Despite all the chatter that the popularity of index investing is creating an opportunity for active investors, Asness exercises some caution. The value of the research that stock pickers do will go up he admits. “I’ve been a long-term cynic, not necessarily that all stock-picking doesn’t work, but to invest with active stock-pickers, you not only have to believe that it works, you have to believe you can figure out who has the skill beforehand,” he says. “So I don’t think we’re necessarily near a world where it’s easy pickings by any means. I am still a net cynic. I have to say, if fewer dollars try, it will get easier.”
78% of the 680 high net worth individuals (HNWI) surveyed by US Trust’s for its Wealth and Worth report had created their own wealth. It also found that Millennials and those in the 18-32 cohort were more likely to have inherited their wealth than Gen X and baby boomers. Moreover, 25% said they have provided financial support to their parents or in-laws. When it comes to supporting their parents or in-laws 44% of Millennials said they expect to, as compared to 17% across all cohorts.

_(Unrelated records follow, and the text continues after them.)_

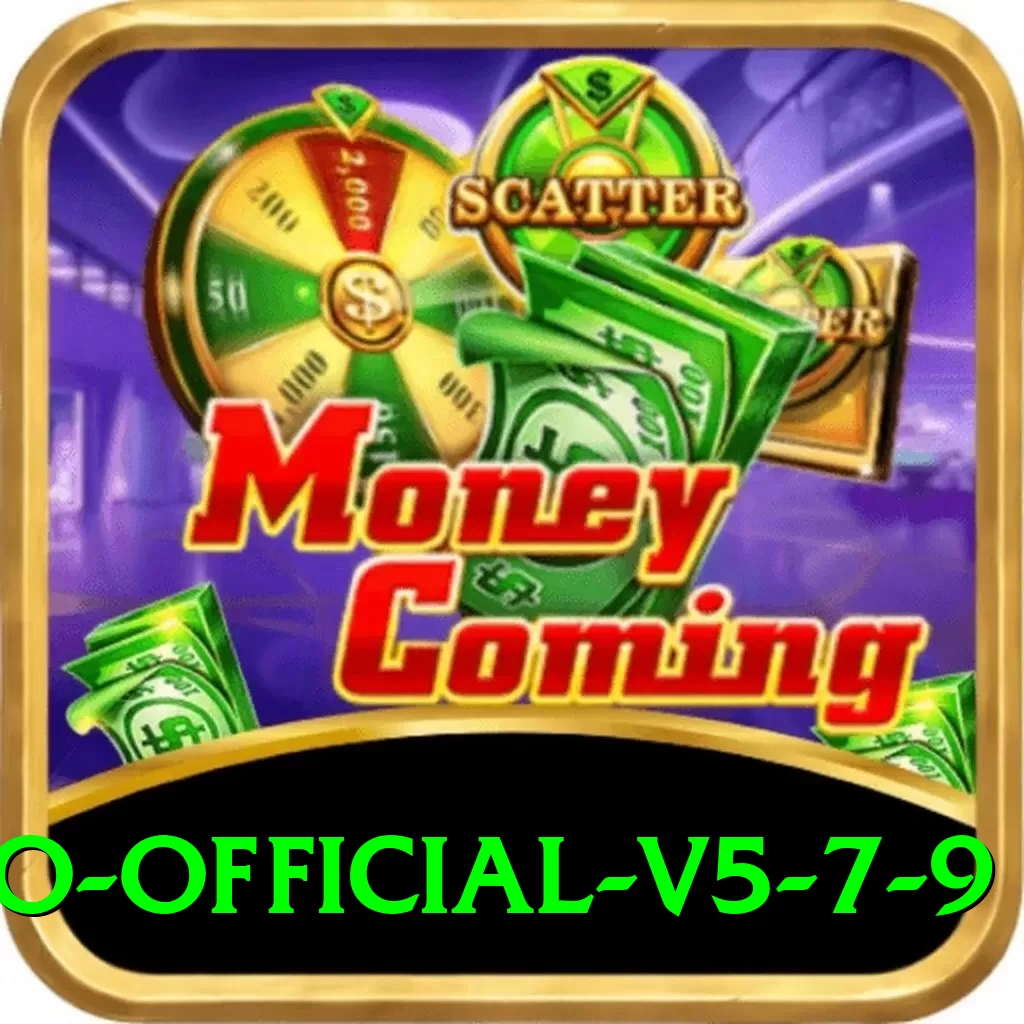 Cricket Betting Pakistan Casino Official v5.7.9 - 2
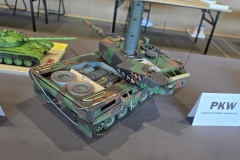 VI-Miedzynarodowy-Konkurs-Modeli-Kartonowych-i-Plastikowych-w-Radkowie-2026-055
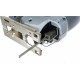 Лобзик Hikoki CJ90VST CJ90VSTNSZ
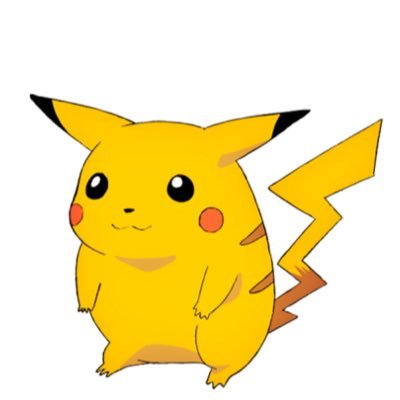 Profile Picture of Sparky⚡️ (@Sean_M_Sparks) on Twitter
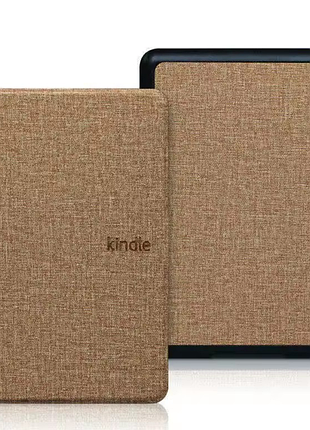 Чохол для amazon kindle paperwhite 6th та 7th (2013-2015 р.)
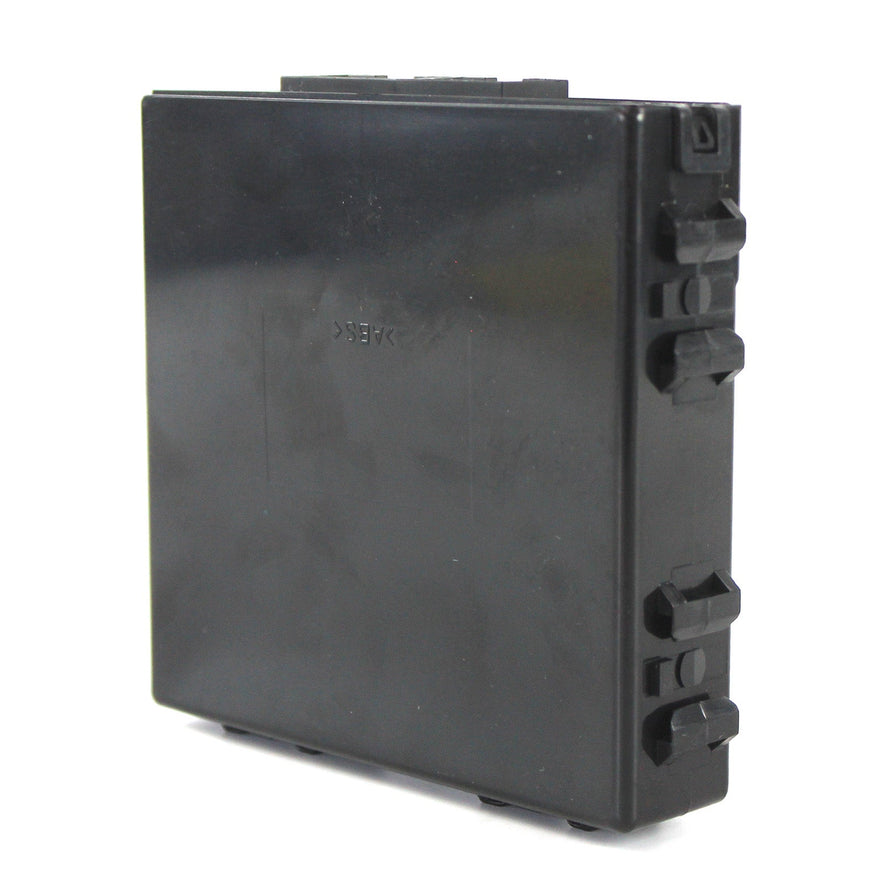 Komatsu PC160LC-8 PC300-8 Air Conditioner Controller 17A-979-3180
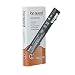 Lapguard 6 cell Replacement Laptop Battery For HP ProBook 4420s Black RS.2260.00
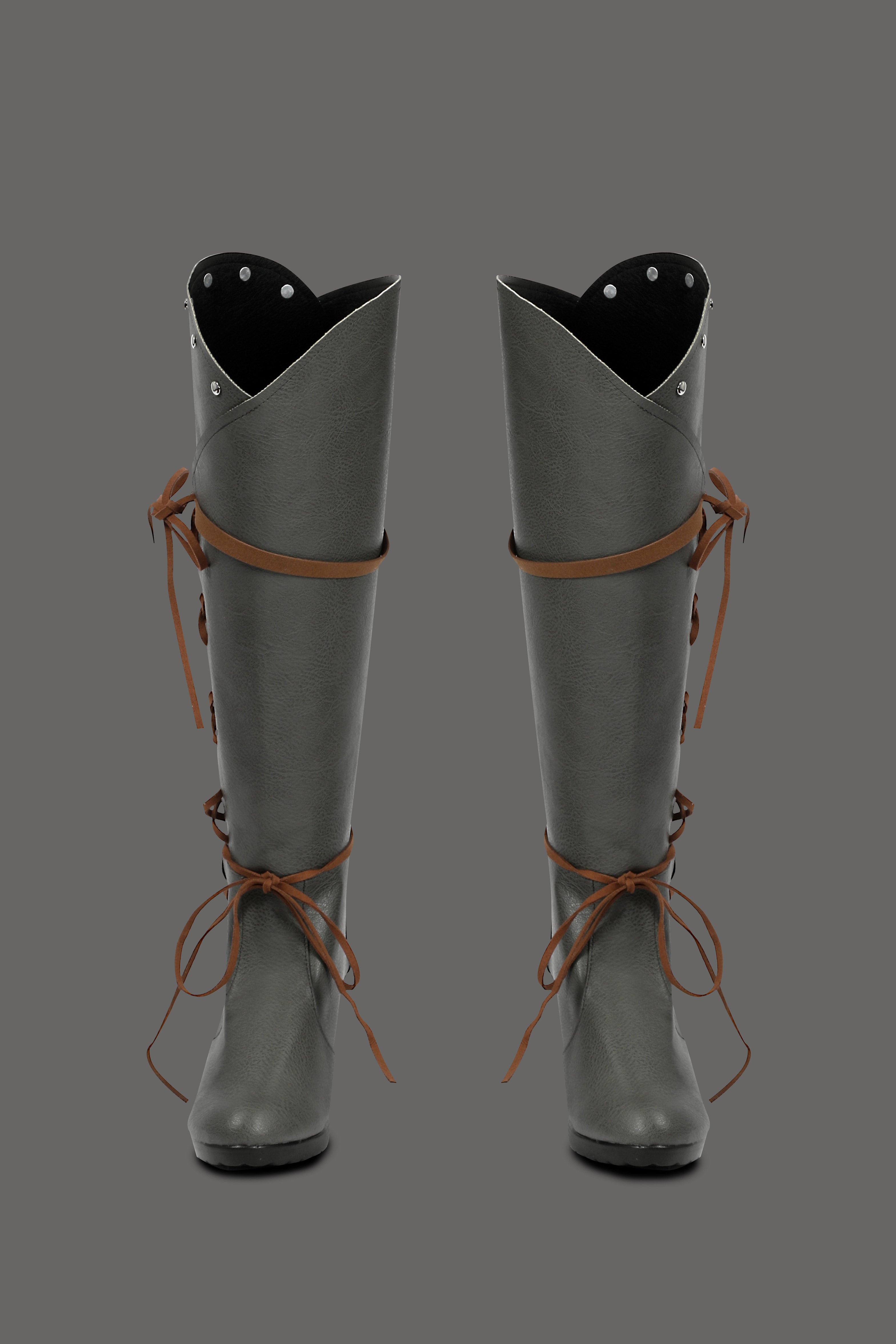 StarCine Collectible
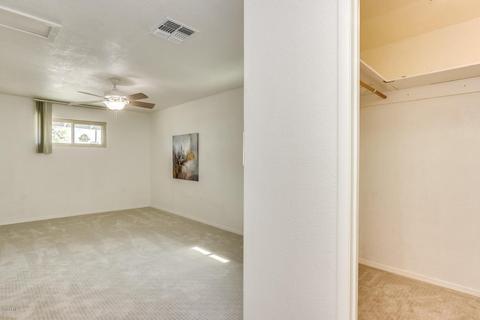 2080 E 10th St, Tempe, AZ 85281 photo 17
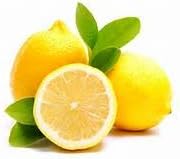 LEMONS FRESH PRODUCE PACK OF 2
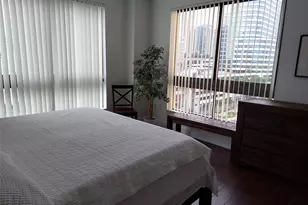100 N Federal Hwy, Fort Lauderdale, FL 33301 - Photo 13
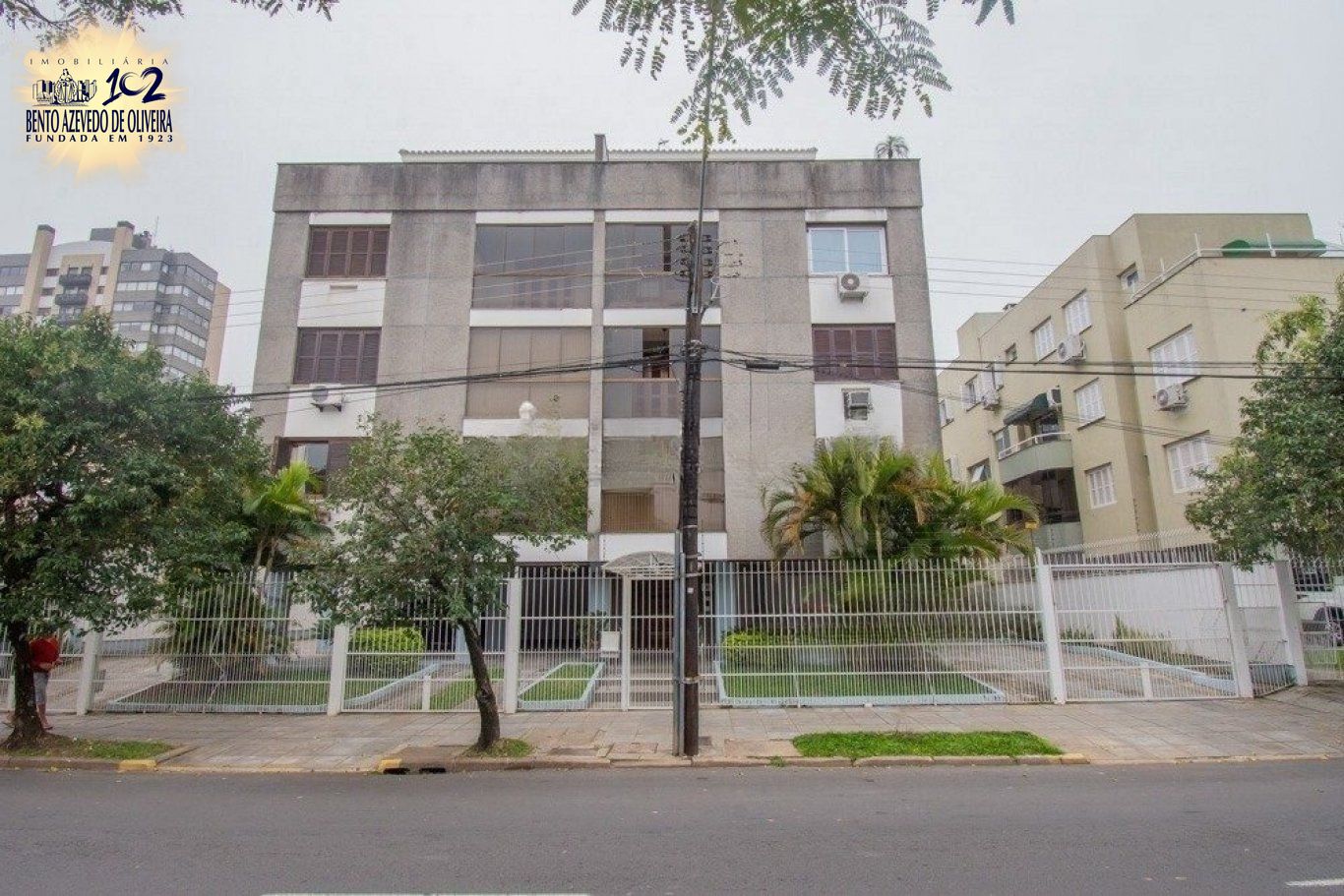 Cobertura, 2 quartos, 186 m² - Foto 29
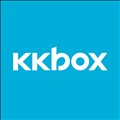KKBOX icon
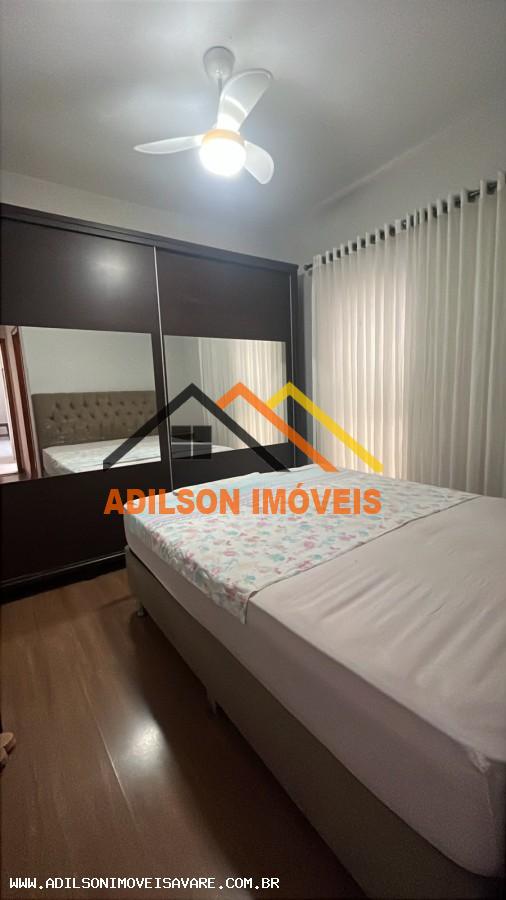 Casa, 4 quartos, 110 m² - Foto 12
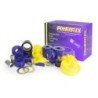 Paquete recomendado para Mini Gen 2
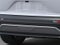 2027 Chevrolet Blazer EV LT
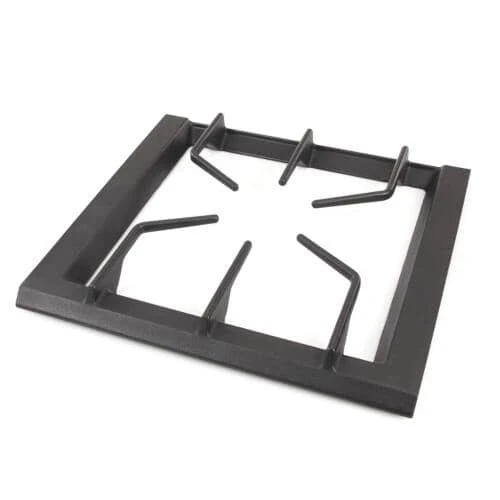 Burner Grate 2 Per Package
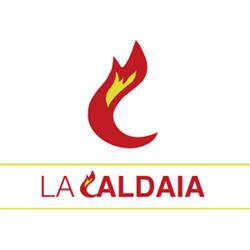 LA CALDAIA DI TONETTO ALESSANDRO, Fontanelle orari di apertura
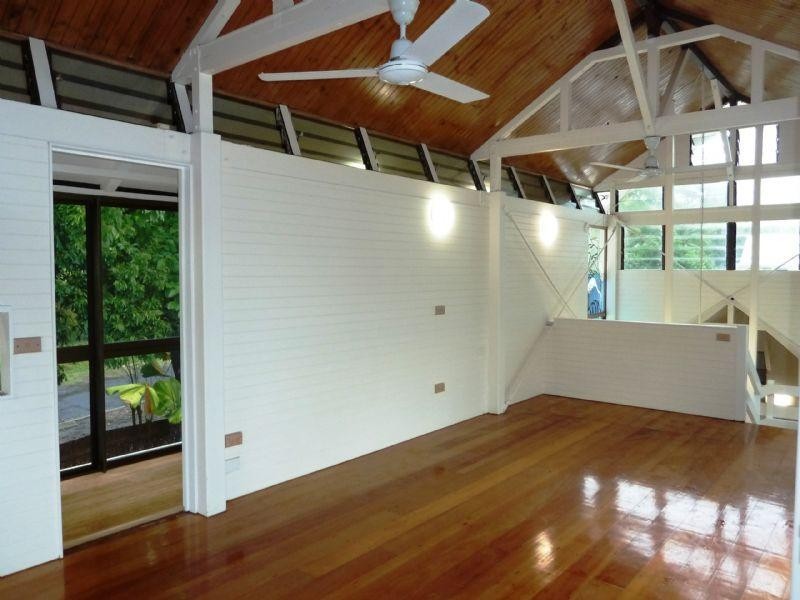 2 Possum Street, Trinity Beach QLD 4879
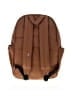Carhartt Brown Backpack One size - photo 2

Succession planning is increasingly being seen as a growth strategy since 99% of advisory practices go out of business once the founder retires, according to a new report from FP Transitions and SEI. The paper surveyed 771 financial advisors and found that only 32% said they had a succession plan.
“Advisors are beginning to realise that succession plans and continuity plans can actually become growth tools,” John Anderson, head of SEI Practice Management Solutions said in a press release. “By taking the time to plan for the future, advisors are giving themselves a key competitive advantage in the present. The process gives them a clearer picture of their firms’ overall health, prioritizes finding a new generation of talent, and sends the message to clients that the firm will be viable for years to come.”
How Advisors Can Handle The Top Investment Question From Clients (The Wall Street Journal)
Clients have one investment question they love to ask: “Is now a good time to invest?” writes William Suplee president of Structured Asset Management in a WSJ column. He thinks it is important for advisors to remind clients that they shouldn’t try and time the market and to stop them from “obsessing over things that are beyond their control.”
“The main thing is for advisers to help clients avoid becoming overly enthusiastic or pessimistic at peaks and troughs of market cycle,” he writes. “It’s impossible to tell what’s going to happen. If an adviser can communicate that to clients it will make them feel more comfortable.”
Small-Caps Have Lagged Large Cap Stocks But This Could Reverse (AllianceBernstein Blog)
Small-cap stocks have had a rough few months as compared to large-cap stocks. “The underperformance was global in scope, but it appeared to be most extreme in the US,” writes Vadim Zlotnikov, chief market strategist in a piece for AllianceBernstein Blog. What caused this? “Differences in the way small-cap and large-cap stock indices are composed had a hand in the recent shortfall for small-caps. …Relative to the S&P 500, the Russell 2000 had a greater concentration of high-beta, low-profitability stocks and financial-sector stocks — neither of which was in favour.” Zlotnikov writes that an uptick in mergers and acquisitions could help turn this around, since M&As tend to target smaller companies. Stronger GDP growth and a stronger dollar also bode well for small caps.